Mais cette spécialisation crée une catégorie d'hommes extrêmement étranges. L'investigateur qui a découvert un nouveau fait naturel doit forcément éprouver en lui une impression de force et d'assurance. Avec une certaine apparence de justice, il se considérera comme un « homme qui sait ». Et, en effet, il y a en lui un morceau de quelque chose, qui, joint à d'autres lambeaux qui ne sont pas en lui, constitue vraiment le savoir. C'est la situation intime du spécialiste qui, pendant les premières années de ce siècle, a atteint sa plus frénétique exagération. Le spécialiste « sait » très bien son petit coin d'univers, mais il ignore radicalement tout le reste.

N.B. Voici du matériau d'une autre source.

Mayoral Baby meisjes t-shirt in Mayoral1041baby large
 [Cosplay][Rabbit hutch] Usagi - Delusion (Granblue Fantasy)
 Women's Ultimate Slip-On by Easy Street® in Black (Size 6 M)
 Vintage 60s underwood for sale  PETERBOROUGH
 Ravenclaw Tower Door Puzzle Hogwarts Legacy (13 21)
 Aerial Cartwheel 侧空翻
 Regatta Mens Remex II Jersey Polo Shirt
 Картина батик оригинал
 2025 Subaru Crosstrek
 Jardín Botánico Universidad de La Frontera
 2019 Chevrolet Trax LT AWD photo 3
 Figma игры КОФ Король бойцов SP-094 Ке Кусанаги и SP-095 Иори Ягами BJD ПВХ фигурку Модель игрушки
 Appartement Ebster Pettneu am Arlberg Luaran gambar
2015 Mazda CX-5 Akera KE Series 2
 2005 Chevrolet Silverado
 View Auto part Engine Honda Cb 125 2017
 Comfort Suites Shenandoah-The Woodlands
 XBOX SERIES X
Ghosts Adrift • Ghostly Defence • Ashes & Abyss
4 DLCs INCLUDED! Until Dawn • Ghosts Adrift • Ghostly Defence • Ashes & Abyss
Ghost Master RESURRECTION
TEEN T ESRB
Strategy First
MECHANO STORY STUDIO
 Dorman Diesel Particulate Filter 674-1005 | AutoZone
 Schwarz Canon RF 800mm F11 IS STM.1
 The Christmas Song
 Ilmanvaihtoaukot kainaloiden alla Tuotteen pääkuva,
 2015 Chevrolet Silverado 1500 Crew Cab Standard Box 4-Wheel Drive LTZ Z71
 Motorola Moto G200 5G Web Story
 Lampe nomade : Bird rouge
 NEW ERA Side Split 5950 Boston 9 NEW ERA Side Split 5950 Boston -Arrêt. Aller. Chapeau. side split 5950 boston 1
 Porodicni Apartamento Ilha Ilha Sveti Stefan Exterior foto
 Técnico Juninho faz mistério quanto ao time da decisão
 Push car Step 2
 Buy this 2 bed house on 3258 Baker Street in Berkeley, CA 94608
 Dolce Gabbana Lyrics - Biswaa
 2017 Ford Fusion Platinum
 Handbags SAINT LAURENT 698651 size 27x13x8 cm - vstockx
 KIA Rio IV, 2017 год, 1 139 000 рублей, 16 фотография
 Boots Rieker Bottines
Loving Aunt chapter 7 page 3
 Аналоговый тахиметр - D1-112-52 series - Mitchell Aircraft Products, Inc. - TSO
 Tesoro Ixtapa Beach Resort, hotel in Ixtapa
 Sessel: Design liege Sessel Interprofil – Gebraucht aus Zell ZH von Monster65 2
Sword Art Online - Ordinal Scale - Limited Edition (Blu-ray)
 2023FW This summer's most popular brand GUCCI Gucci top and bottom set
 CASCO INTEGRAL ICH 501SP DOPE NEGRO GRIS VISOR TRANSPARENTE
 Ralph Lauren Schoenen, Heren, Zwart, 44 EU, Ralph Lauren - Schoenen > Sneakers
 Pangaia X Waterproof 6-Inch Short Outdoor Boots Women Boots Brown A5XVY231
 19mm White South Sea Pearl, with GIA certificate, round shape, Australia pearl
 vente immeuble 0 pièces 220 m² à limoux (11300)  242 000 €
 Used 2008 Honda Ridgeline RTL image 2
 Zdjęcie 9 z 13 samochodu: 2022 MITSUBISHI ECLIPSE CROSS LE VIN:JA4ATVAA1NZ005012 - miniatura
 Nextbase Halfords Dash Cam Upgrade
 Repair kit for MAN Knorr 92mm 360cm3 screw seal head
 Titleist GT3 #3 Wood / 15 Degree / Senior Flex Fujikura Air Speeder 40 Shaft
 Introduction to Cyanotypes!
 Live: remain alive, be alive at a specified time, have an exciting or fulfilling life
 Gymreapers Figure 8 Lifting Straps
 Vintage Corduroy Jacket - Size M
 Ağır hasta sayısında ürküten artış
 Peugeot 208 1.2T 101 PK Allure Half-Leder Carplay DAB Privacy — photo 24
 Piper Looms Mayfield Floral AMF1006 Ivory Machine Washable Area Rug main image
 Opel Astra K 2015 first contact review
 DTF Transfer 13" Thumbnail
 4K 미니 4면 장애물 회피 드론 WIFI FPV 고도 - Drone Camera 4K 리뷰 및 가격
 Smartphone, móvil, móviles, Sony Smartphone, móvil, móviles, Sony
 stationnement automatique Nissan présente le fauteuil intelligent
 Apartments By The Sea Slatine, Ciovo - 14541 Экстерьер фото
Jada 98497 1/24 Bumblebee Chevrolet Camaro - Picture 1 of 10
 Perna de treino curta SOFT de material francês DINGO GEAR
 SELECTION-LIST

Voici donc un exemplaire bien défini de cet étrange type d'homme nouveau que j'ai essayé de peindre sous tous ses aspects. J'ai dit que c'était une configuration humaine sans égale dans toute l'histoire. Le spécialiste nous sert à concrétiser énergiquement l'espèce tout entière et à nous montrer le radicalisme de sa nouveauté. Car autrefois les hommes pouvaient se partager, simplement, en savants et en ignorants, en plus ou moins savants, en plus ou moins ignorants. Mais le spécialiste ne peut entrer en aucune de ces deux catégories. Ce n'est pas un savant, car il ignore complètement tout ce qui n'entre pas dans sa spécialité; mais il n'est pas non plus un ignorant, car c'est un « homme de science » qui connaît très bien sa petite portion d'univers. Nous dirons donc que c'est un savant-ignorant, chose extrêmement grave, puisque cela signifie que c'est un monsieur qui se comportera dans toutes les questions qu'il ignore, non comme un ignorant, mais avec toute la pédanterie de quelqu'un qui, dans son domaine spécial, est un savant."
José Ortega y Gasset, La Révolte des masses, 1930, tr. fr. L. Parrot, Éd. Stock, p. 157-160.